Happy Today!

Work to Learn, Don’t Work for Money. That is the tag line for chapter 6 of Rich Dad, Poor Dad by Robert Kiyosaki. It reminded me of advice I was given by an old supervisor when I started my career. She told me that I needed to make a choice as to whether I wanted to make money or help people. She told me I couldn’t do both.

This conversation came as she was encouraging me to take a new role within the company, one I wasn’t interested in. The reality was I didn’t want the job because I didn’t want to continue working for her. So I made the decision that I would find a way to do both. AND I was successful for many years because I was able to work for a company where I could learn from any department I desired. They encouraged my curiosity and I became cross trained in a variety of areas that I offer in my business to this day. But what I didn’t learn was the value of sales & marketing.

I didn’t learn it because I was like the reporter in this chapter- I didn’t see it’s value. And to be transparent, it wasn’t until I read this chapter that the importance of sales & marketing finally clicked in my head.

That’s the value of this book and reading personal development books – you are able to learn something about yourself which can make your life better.
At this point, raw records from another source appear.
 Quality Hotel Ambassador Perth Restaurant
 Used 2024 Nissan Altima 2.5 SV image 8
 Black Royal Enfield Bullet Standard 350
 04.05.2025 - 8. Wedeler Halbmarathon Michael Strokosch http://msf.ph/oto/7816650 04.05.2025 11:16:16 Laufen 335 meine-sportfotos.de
So here are my takeaways from Chapter 6.

Lessons from Chapter 6:

1. Work to Learn

“Job security meant everything to my educated dad. Learning meant everything to my rich dad.”
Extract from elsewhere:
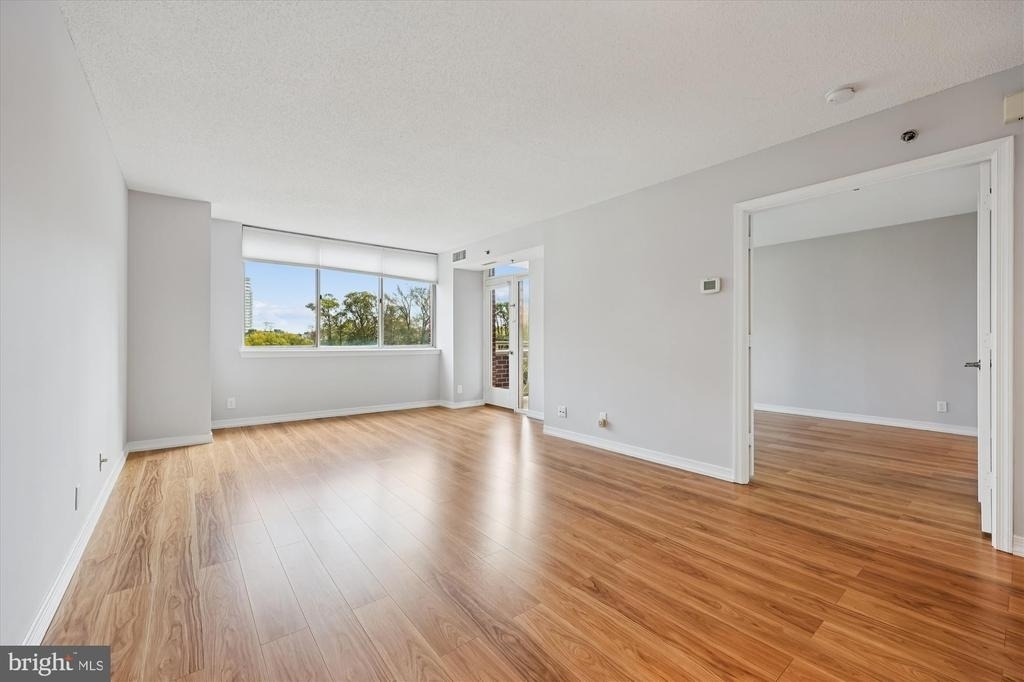 5809 Nicholson Lane - Photo 9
““They are one skill away from great wealth.” What this phrase means is that most people need only to learn and master one more skill and their income would jump exponentially.”

2. Salary isn’t the only benefit of a job

“Even if it were a cut in pay, she would learn how to communicate in short-cuts that are used in successful advertising. She also would spend time learning public relations, an important skill. She would learn how to get millions in free publicity.”
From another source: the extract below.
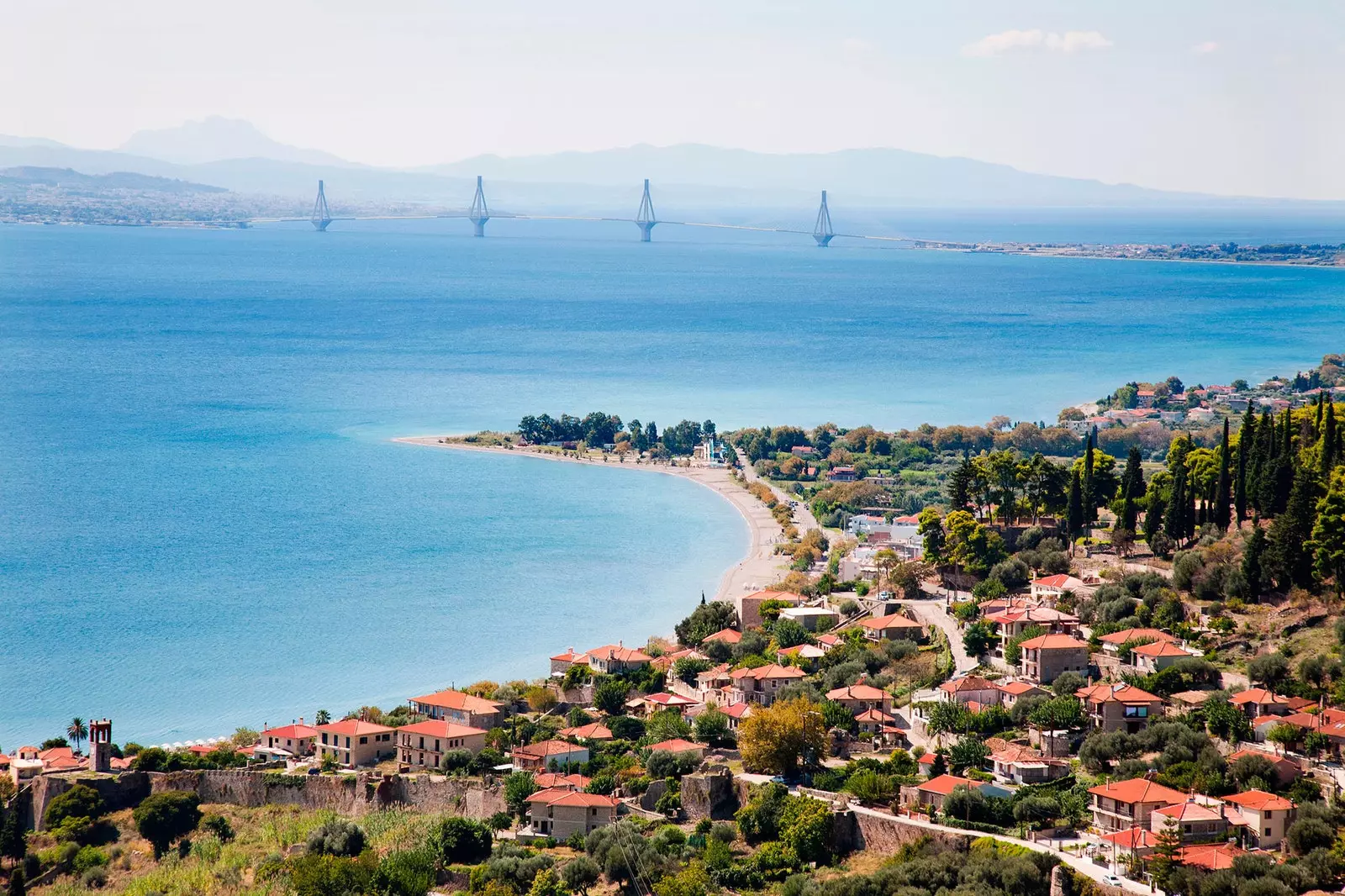 Impresionantul pod RioAntimio leagă peninsula de Grecia continentală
3. Learn a little about a lot

“You want to know a little about a lot” was his suggestion. That is why for years I worked in different areas of his companies. For a while, I worked in his accounting department. Although I would probably never have been an accountant, he wanted me to learn via osmosis. Rich dad knew I would pick up jargon and a sense of what is important and what is not.”

“So these bright young employees do not specialize in one department. They are moved from department to department to learn all the aspects of business systems.”

4. Understand what means the most to you

“Job security meant everything to my educated dad. Learning meant everything to my rich dad.”

“Educated dad thought I went to school to learn to be a ship’s officer. Rich dad knew that I went to school to study international trade.”

“I recommend to young people to seek work for what they will learn, more than what they will earn. Look down the road at what skills they want to acquire before choosing a specific profession and before getting trapped in the Rat Race.”

5. 20 years later but still relevant

“Job is an acronym for “Just Over Broke.”

“Workers work hard enough to not be fired, and owners pay just enough so that workers won’t quit.”

“Most workers focus on working for pay and benefits that reward them in the short term, but are often disastrous in the long run.”

6. Ask yourself questions

“Where is this daily activity taking you?” Just like the little hamster, I wonder if people look at where their hard work is taking them. What does the future hold?

7. There are universal transferable skills

“The most important specialized skills are sales and marketing. The ability to sell—to communicate to another human being, be it a customer, employee, boss, spouse, or child—is the base skill of personal success.”

“The better you are at communicating, negotiating, and handling your fear of rejection, the easier life is.”

8. You have to give to receive

“He knew that to receive money, you had to give money. Giving money is the secret to most great wealthy families.”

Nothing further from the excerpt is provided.